What the exercise asks:
The answer must be the complete listing, copied exactly.

Materials provided:
********
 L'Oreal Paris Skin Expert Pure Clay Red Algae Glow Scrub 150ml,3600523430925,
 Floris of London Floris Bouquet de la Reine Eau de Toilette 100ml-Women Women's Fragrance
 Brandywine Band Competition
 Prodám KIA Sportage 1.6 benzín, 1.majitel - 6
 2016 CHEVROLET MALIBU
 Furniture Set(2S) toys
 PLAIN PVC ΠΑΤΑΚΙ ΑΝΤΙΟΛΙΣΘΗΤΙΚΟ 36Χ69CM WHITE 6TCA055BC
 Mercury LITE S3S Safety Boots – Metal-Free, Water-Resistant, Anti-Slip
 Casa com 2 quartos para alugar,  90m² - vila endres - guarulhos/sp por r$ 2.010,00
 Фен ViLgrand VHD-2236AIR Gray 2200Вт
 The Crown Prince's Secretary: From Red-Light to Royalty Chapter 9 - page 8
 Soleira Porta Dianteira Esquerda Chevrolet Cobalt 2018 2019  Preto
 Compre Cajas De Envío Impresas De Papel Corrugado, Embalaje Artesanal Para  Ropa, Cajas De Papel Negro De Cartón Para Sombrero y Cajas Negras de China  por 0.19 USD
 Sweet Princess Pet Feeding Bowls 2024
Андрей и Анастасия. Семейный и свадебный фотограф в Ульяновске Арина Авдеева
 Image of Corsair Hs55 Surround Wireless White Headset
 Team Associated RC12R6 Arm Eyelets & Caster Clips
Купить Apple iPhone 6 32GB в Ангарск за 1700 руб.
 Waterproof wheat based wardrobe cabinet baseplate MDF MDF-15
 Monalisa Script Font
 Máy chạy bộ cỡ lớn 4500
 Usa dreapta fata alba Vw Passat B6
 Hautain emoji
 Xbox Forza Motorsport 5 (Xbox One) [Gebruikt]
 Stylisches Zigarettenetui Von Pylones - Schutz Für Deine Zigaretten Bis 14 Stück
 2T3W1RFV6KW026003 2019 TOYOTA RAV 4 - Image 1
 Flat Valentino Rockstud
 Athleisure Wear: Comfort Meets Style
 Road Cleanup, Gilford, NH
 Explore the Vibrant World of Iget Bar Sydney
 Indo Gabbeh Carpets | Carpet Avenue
********
Response below:
 L'Oreal Paris Skin Expert Pure Clay Red Algae Glow Scrub 150ml,3600523430925,
 Floris of London Floris Bouquet de la Reine Eau de Toilette 100ml-Women Women's Fragrance
 Brandywine Band Competition
 Prodám KIA Sportage 1.6 benzín, 1.majitel - 6
 2016 CHEVROLET MALIBU
 Furniture Set(2S) toys
 PLAIN PVC ΠΑΤΑΚΙ ΑΝΤΙΟΛΙΣΘΗΤΙΚΟ 36Χ69CM WHITE 6TCA055BC
 Mercury LITE S3S Safety Boots – Metal-Free, Water-Resistant, Anti-Slip
 Casa com 2 quartos para alugar,  90m² - vila endres - guarulhos/sp por r$ 2.010,00
 Фен ViLgrand VHD-2236AIR Gray 2200Вт
 The Crown Prince's Secretary: From Red-Light to Royalty Chapter 9 - page 8
 Soleira Porta Dianteira Esquerda Chevrolet Cobalt 2018 2019  Preto
 Compre Cajas De Envío Impresas De Papel Corrugado, Embalaje Artesanal Para  Ropa, Cajas De Papel Negro De Cartón Para Sombrero y Cajas Negras de China  por 0.19 USD
 Sweet Princess Pet Feeding Bowls 2024
Андрей и Анастасия. Семейный и свадебный фотограф в Ульяновске Арина Авдеева
 Image of Corsair Hs55 Surround Wireless White Headset
 Team Associated RC12R6 Arm Eyelets & Caster Clips
Купить Apple iPhone 6 32GB в Ангарск за 1700 руб.
 Waterproof wheat based wardrobe cabinet baseplate MDF MDF-15
 Monalisa Script Font
 Máy chạy bộ cỡ lớn 4500
 Usa dreapta fata alba Vw Passat B6
 Hautain emoji
 Xbox Forza Motorsport 5 (Xbox One) [Gebruikt]
 Stylisches Zigarettenetui Von Pylones - Schutz Für Deine Zigaretten Bis 14 Stück
 2T3W1RFV6KW026003 2019 TOYOTA RAV 4 - Image 1
 Flat Valentino Rockstud
 Athleisure Wear: Comfort Meets Style
 Road Cleanup, Gilford, NH
 Explore the Vibrant World of Iget Bar Sydney
 Indo Gabbeh Carpets | Carpet Avenue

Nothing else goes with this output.